### Task instructions
Transcribe the listing below from its opening line up to and including the line that contains "Mercedes-Benz C 300 e T 9G-TRONIC Avantgarde"; reproduce nothing else.

*** Source records ***

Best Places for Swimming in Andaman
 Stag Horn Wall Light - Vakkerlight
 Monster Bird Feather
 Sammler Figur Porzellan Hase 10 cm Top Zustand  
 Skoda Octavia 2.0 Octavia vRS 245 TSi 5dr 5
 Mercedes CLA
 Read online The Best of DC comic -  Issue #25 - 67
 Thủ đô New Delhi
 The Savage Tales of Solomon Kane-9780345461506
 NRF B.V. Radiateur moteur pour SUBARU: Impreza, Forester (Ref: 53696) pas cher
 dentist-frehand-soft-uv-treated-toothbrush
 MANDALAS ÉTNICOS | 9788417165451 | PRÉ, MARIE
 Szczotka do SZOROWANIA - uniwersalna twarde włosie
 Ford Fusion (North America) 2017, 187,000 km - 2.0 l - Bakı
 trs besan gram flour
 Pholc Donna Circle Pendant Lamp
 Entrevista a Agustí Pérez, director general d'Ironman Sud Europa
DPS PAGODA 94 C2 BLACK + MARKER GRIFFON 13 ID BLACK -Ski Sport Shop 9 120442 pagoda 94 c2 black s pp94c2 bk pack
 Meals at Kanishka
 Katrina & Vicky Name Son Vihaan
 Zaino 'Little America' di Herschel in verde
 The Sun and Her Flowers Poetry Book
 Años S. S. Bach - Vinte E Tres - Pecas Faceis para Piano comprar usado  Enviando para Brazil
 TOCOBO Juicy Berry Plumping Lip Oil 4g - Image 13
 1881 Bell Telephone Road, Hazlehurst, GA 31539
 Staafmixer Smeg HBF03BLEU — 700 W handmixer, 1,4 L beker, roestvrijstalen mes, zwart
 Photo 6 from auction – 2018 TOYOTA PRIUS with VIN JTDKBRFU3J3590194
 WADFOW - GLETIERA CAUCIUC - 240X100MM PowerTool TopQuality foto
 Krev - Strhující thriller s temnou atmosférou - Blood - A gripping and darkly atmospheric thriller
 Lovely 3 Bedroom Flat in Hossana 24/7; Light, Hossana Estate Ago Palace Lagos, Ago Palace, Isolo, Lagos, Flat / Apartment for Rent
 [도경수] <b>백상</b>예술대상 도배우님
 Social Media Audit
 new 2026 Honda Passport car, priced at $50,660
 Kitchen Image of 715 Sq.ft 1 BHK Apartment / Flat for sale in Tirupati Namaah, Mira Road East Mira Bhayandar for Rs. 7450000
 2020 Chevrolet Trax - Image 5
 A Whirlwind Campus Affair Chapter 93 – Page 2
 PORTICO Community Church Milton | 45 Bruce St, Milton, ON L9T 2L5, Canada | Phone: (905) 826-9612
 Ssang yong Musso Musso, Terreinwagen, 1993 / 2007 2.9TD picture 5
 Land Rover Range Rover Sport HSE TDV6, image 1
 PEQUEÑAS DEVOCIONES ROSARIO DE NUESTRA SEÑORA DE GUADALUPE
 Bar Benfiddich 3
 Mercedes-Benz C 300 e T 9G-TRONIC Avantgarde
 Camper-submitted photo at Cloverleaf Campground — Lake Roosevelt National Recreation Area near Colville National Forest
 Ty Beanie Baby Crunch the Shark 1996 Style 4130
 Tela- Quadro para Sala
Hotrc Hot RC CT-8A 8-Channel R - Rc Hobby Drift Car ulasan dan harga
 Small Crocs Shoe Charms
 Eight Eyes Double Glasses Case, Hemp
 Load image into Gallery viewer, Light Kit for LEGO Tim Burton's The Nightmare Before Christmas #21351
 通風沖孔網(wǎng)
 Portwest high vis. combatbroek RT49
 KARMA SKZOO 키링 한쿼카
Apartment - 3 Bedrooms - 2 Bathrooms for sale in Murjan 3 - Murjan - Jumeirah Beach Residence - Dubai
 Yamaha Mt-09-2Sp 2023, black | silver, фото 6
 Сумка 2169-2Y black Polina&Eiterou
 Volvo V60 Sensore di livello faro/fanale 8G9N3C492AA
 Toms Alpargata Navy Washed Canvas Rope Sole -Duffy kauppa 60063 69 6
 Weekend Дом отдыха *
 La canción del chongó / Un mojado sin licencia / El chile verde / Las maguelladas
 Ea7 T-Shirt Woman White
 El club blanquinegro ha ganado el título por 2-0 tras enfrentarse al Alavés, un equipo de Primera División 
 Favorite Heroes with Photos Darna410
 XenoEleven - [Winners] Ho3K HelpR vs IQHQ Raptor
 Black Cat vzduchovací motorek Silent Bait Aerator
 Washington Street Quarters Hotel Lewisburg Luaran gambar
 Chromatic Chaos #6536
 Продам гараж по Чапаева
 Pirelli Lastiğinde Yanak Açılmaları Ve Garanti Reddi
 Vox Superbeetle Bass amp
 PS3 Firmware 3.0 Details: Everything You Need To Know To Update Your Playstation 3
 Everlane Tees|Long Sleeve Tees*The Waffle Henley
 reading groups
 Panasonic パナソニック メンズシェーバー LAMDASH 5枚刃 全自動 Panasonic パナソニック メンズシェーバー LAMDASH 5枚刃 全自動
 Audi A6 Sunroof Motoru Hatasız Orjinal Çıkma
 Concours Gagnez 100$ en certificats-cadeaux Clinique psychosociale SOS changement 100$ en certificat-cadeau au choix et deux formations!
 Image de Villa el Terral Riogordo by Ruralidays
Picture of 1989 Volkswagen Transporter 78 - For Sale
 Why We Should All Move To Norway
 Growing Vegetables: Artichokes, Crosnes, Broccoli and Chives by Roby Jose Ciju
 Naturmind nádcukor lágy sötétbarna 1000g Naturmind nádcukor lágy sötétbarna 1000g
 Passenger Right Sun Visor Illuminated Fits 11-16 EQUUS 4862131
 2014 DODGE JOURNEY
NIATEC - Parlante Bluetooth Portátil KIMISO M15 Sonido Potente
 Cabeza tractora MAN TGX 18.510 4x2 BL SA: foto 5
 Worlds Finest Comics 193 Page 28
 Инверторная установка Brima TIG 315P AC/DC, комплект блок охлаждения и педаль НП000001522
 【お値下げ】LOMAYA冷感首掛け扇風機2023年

***

### Expected output
Best Places for Swimming in Andaman
 Stag Horn Wall Light - Vakkerlight
 Monster Bird Feather
 Sammler Figur Porzellan Hase 10 cm Top Zustand  
 Skoda Octavia 2.0 Octavia vRS 245 TSi 5dr 5
 Mercedes CLA
 Read online The Best of DC comic -  Issue #25 - 67
 Thủ đô New Delhi
 The Savage Tales of Solomon Kane-9780345461506
 NRF B.V. Radiateur moteur pour SUBARU: Impreza, Forester (Ref: 53696) pas cher
 dentist-frehand-soft-uv-treated-toothbrush
 MANDALAS ÉTNICOS | 9788417165451 | PRÉ, MARIE
 Szczotka do SZOROWANIA - uniwersalna twarde włosie
 Ford Fusion (North America) 2017, 187,000 km - 2.0 l - Bakı
 trs besan gram flour
 Pholc Donna Circle Pendant Lamp
 Entrevista a Agustí Pérez, director general d'Ironman Sud Europa
DPS PAGODA 94 C2 BLACK + MARKER GRIFFON 13 ID BLACK -Ski Sport Shop 9 120442 pagoda 94 c2 black s pp94c2 bk pack
 Meals at Kanishka
 Katrina & Vicky Name Son Vihaan
 Zaino 'Little America' di Herschel in verde
 The Sun and Her Flowers Poetry Book
 Años S. S. Bach - Vinte E Tres - Pecas Faceis para Piano comprar usado  Enviando para Brazil
 TOCOBO Juicy Berry Plumping Lip Oil 4g - Image 13
 1881 Bell Telephone Road, Hazlehurst, GA 31539
 Staafmixer Smeg HBF03BLEU — 700 W handmixer, 1,4 L beker, roestvrijstalen mes, zwart
 Photo 6 from auction – 2018 TOYOTA PRIUS with VIN JTDKBRFU3J3590194
 WADFOW - GLETIERA CAUCIUC - 240X100MM PowerTool TopQuality foto
 Krev - Strhující thriller s temnou atmosférou - Blood - A gripping and darkly atmospheric thriller
 Lovely 3 Bedroom Flat in Hossana 24/7; Light, Hossana Estate Ago Palace Lagos, Ago Palace, Isolo, Lagos, Flat / Apartment for Rent
 [도경수] <b>백상</b>예술대상 도배우님
 Social Media Audit
 new 2026 Honda Passport car, priced at $50,660
 Kitchen Image of 715 Sq.ft 1 BHK Apartment / Flat for sale in Tirupati Namaah, Mira Road East Mira Bhayandar for Rs. 7450000
 2020 Chevrolet Trax - Image 5
 A Whirlwind Campus Affair Chapter 93 – Page 2
 PORTICO Community Church Milton | 45 Bruce St, Milton, ON L9T 2L5, Canada | Phone: (905) 826-9612
 Ssang yong Musso Musso, Terreinwagen, 1993 / 2007 2.9TD picture 5
 Land Rover Range Rover Sport HSE TDV6, image 1
 PEQUEÑAS DEVOCIONES ROSARIO DE NUESTRA SEÑORA DE GUADALUPE
 Bar Benfiddich 3
 Mercedes-Benz C 300 e T 9G-TRONIC Avantgarde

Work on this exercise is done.